→ Exercise input
* * *

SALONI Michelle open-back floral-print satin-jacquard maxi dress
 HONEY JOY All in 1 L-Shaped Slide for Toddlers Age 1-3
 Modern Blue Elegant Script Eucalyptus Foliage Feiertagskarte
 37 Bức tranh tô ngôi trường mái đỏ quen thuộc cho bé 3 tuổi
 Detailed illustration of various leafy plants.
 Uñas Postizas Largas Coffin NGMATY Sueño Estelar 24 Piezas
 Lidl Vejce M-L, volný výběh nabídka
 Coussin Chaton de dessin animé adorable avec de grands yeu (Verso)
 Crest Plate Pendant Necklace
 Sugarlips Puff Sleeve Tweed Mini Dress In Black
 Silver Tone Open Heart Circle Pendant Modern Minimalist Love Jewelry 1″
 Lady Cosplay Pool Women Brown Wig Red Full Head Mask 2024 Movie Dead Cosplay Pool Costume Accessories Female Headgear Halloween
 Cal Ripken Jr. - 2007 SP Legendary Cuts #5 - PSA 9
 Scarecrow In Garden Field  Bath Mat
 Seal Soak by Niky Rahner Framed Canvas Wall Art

* * *

→ What you have to do
Only the lines from the one containing "Lidl Vejce M-L, volný výběh nabídka" through the last line of the records are to be set down, exactly as they appear.

→ Result of this task
 Lidl Vejce M-L, volný výběh nabídka
 Coussin Chaton de dessin animé adorable avec de grands yeu (Verso)
 Crest Plate Pendant Necklace
 Sugarlips Puff Sleeve Tweed Mini Dress In Black
 Silver Tone Open Heart Circle Pendant Modern Minimalist Love Jewelry 1″
 Lady Cosplay Pool Women Brown Wig Red Full Head Mask 2024 Movie Dead Cosplay Pool Costume Accessories Female Headgear Halloween
 Cal Ripken Jr. - 2007 SP Legendary Cuts #5 - PSA 9
 Scarecrow In Garden Field  Bath Mat
 Seal Soak by Niky Rahner Framed Canvas Wall Art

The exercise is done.